Meine Mutter sagte immer: „Lass das Kind!“, wenn mir jemand etwas zu verbieten versuchte. Das ist wahrscheinlich meine früheste Kindheitserinnerung. Ich nehme an, dass ich da noch gar nicht sprechen, nur hören konnte. Also, was soll eigentlich an dem Artikel „das“ so schrecklich sein? Warum sind die Unionsparteien entsetzt, wenn Familienministerin Kristina Schröder, wie kürzlich, „das Gott“ sagt? Kann man nicht auf den Gedanken kommen, „Gott“ sei etwas Ähnliches wie ein Kind – ein noch nicht entstandenes, aber in Entstehung begriffenes Wesen? Ernst Bloch würde das auch sagen.
Schon Rainer Maria Rilke ist auf den Gedanken gekommen. „Und du: du bist aus dem Nest gefallen“, redet er seinen Gott an, „bist ein junger Vogel mit gelben Krallen/und großen Augen und tust mir leid./(Meine Hand ist dir viel zu breit.)“ „Und ich fühle dein Herz und meines klopfen/und beide aus Angst.“ Auch wenn man ein religiöses Stück des katholischen Komponisten Olivier Messiaen anhört, spürt man, dass ihm „Gott“ als ein Kind vorschwebt.
Kristina Schröder wollte wohl kaum ihren Feminismus hervorkehren. Sie hat ja nicht vorgeschlagen, „der Gott“ durch „die Gottheit“ zu ersetzen. Sie kam nicht irgendwann auf den Gedanken, sondern vor Weihnachten, dem Geburtstag des Christkinds.

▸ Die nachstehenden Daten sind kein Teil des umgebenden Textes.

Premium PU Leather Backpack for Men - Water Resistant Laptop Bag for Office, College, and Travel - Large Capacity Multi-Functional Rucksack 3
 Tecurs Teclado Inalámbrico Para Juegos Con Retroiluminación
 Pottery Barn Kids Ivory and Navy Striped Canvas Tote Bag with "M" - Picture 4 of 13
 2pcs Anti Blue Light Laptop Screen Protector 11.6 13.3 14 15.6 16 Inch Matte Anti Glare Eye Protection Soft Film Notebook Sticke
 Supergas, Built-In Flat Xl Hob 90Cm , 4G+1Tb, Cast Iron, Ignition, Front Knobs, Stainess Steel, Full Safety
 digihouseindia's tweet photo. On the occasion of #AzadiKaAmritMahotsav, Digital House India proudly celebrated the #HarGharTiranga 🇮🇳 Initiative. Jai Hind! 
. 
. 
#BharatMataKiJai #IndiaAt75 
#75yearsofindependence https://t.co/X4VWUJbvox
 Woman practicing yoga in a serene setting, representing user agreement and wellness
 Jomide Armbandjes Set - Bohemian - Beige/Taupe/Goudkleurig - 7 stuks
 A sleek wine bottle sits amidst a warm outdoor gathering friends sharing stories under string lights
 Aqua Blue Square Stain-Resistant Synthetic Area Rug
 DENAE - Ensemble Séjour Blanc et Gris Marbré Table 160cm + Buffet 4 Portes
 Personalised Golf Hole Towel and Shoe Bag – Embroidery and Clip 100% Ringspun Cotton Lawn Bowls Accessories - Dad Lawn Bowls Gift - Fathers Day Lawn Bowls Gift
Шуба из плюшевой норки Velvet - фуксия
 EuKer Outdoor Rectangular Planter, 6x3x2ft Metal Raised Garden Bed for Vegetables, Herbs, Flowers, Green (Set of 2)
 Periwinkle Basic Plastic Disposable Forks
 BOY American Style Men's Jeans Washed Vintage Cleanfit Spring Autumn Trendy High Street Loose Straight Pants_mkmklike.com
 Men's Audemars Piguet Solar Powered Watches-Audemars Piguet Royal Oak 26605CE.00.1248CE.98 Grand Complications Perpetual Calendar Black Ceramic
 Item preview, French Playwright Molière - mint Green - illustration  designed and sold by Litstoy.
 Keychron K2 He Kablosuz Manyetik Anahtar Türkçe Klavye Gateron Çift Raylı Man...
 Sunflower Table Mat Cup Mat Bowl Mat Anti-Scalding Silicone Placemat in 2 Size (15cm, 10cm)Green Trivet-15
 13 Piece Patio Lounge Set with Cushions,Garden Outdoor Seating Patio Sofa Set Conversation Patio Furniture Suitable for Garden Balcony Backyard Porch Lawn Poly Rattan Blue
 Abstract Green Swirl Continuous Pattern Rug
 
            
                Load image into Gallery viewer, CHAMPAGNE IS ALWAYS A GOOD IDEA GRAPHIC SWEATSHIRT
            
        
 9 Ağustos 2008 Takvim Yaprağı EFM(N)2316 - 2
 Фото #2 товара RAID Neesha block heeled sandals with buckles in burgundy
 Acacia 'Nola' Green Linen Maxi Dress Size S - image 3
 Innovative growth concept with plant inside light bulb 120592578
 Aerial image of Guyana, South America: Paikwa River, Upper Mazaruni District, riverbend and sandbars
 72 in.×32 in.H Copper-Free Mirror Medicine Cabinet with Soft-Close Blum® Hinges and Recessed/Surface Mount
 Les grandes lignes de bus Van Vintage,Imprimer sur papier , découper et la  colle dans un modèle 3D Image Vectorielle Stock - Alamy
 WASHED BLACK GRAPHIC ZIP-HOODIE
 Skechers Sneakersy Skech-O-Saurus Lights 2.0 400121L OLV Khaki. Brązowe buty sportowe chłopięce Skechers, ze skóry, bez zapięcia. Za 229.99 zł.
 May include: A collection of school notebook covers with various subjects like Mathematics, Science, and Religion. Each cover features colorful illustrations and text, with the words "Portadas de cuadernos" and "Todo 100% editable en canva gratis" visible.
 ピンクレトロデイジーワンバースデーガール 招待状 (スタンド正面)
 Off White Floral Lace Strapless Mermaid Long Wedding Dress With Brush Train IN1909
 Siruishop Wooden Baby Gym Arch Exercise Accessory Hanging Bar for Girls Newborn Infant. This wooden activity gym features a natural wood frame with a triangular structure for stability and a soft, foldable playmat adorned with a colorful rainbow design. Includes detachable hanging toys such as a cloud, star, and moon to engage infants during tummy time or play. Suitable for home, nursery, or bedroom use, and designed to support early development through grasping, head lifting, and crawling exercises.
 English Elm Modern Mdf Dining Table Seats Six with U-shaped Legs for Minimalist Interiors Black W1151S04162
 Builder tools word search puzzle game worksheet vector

Auch ein theologisches Fass wollte sie ersichtlich nicht aufmachen, sondern machte sich Gedanken über die Erziehung ihrer achtzehn Monate alten Tochter. Wenn dieses Kind hört, wie man ihm den Artikel „das“ zuordnet, wird es auch den Ausdruck „das Gott“ verstehen. Doch die sich christlich nennende Partei der Familienministerin ist entsetzt. Warum eigentlich?
Es bestätigt sich wieder einmal, was Politologen längst analysiert haben: Während es unter den westeuropäischen Parteien mit dem „C“ im Namen welche gegeben hat, die wirklich christliche Politik machen wollten, ist in Deutschland das „C“ eine Drapierung, die kaum verhüllen kann, dass CDU und CSU ganz gewöhnliche konservative Parteien sind.
Solche Parteien sind dazu da, sich gegen die Erneuerung der Sitten zu stemmen und ihr allenfalls mit Verzögerung nachzugeben. Mit Religion hat das gar nichts zu tun. Man hat eben immer „der Gott“ gesagt und dabei soll es bleiben. Auch bei Schröder beobachtet man diese Haltung, doch weil sie Mitglied einer kleinen bekenntnisbewussten Sonderkirche ist, die sich die „Selbständige Evangelisch-Lutherische“ nennt, nimmt sie wohl manchmal die christlichen Dinge etwas ernster als ihre Parteifreunde.
Das Weihnachtsfest ist vorbei, nicht so die Zeit des Christkinds. Weil das Fest der „heiligen drei Könige“ bevorsteht, bleibt Schröders Gedanke noch ein paar Tage aktuell. Es gibt Philip Rösler auf dem „Dreikönigstreffen“ der FDP, es gibt aber auch diese Könige aus der Bibel, eigentlich sind es „Sterndeuter“, die sich nach Bethlehem aufgemacht haben. Sie huldigen dort einem Kind.
Der Evangelist Matthäus schreibt das so hin, um eine Prophezeiung von Jesaja auf Christus zu beziehen. Der Beginn eines Auswegs wird sichtbar, mitten im Nihilismus: „Denn siehe, Finsternis bedeckt die Erde und Dunkel die Völker, doch über dir geht leuchtend der Herr auf, seine Herrlichkeit erscheint über dir. Völker wandern zu deinem Licht und Könige zu deinem strahlenden Glanz.“ Nein, nicht „der“ Herr geht auf, sondern „das“ Kind. Und man kann nicht sicher sein, ob es nicht noch aus dem Nest fällt. Dann wäre die Hoffnung der „Völker“ vergebens.